I talked about the features and improvements added to PostgreSQL 14, and discussed what is coming next for PostgreSQL, based on what the community has been discussing.

Contents

> Evolution of PostgreSQL

> Key features in PostgreSQL 14

> Logical Replication improvements

> SQL features

> Data corruption

> Indexing

> Extended statistics

> Vacuuming

> Performance improvements in PostgreSQL 14

> PostgreSQL 15 and beyond

Evolution of PostgreSQL

Ongoing version upgrades once a year
Enhanced support for large volume data in recent years

Basically, the first version of PostgreSQL emerged from Postgres 6.0. This was the first open-source release, created using code inherited from the University of California, Berkeley, which had been under development since 1986.

In later years, you can see that a major version was released every year. I have listed some of the recent features that benefited large enterprises - for example, in version 9.0, we introduced streaming replication, and in version 9.1 we introduced asynchronous replication, foreign tables, and unlogged tables.

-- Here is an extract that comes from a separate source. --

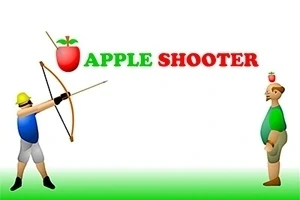 En tecknad figur med pilbåge siktar mot en uppstoppad figur med ett äpple på huvudet, samt texten Apple Shooter i färgglada bokstäver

Similarly, over the next few years, we introduced index-only scan, json data type, updates to foreign data wrappers, materialized views, and jsonb data type. Later, we introduced parallelism, declarative partitioning, and logical replications, as well as a variety of performance enhancements over the years to scale PostgreSQL for large CPUs or machines.

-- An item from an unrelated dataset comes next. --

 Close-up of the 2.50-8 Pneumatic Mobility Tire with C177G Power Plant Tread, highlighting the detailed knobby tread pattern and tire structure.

In version 12, we introduced table access methods which enable developers or outside companies to write their own storage methods for accessing tables. My colleague Pankaj Kapoor wrote about this in his post What are table access methods, and what is their importance to PostgreSQL?.

PostgreSQL timeline - note that only the most prominent features of each version are listed above

That is a basic summary of the various enhancements done for large enterprises over recent years.

Key features in PostgreSQL 14

Logical Replication improvements

There have been several enhancements to logical replication in PostgreSQL 14. I list them below.

Support for logical replication of in-progress transactions.
This helps in reducing apply lag for large in-progress transactions but can be improved further. I write about it in detail here.
Decoding of prepared transactions.
This can help to build a two-phase commit for multi-master solutions and help in reducing apply lag. Note that currently the subscriber-side work is yet to be done but out-of-core solutions can use it for their output plugins. With this feature, users can build a conflict-free replication.

You can read more about it in my colleague Ajin Cherian's blog post Logical decoding of two-phase commits in PostgreSQL 14.
Performance improvement of logical decoding of transactions containing DDLs.
It has been observed that decoding of a transaction containing truncation of a table with 1,000 partitions would be finished in 1 second, whereas before PostgreSQL 14 it used to take 4-5 minutes.
Logical replication can now transfer data in binary format.
This is generally faster, if slightly less robust.
Multiple transactions are now allowed during table synchronization in logical replication.
This brings many benefits, as follows:
- The entire table will no longer need to be copied again if an error happens during the synchronization phase.
- The risk of exceeding the CID limit is avoided.
- The WAL no longer needs to be held until the entire synchronization is finished.
As a result of these changes, logical replication is improved for very large-scale tables where initial synchronization could take a long time.
The ALTER SUBSCRIPTION statement now makes it easier to add/remove publications, with the addition of ADD PUBLICATION and DROP PUBLICATION options.
The system view pg_stat_replication_slots was added, reporting replication slot activity.
This helps users to monitor the spill or stream activity and the total bytes decoded via a particular slot.

SQL features

There have also been several useful features enhanced or introduced to PostgreSQL, many of which will help migration from other databases.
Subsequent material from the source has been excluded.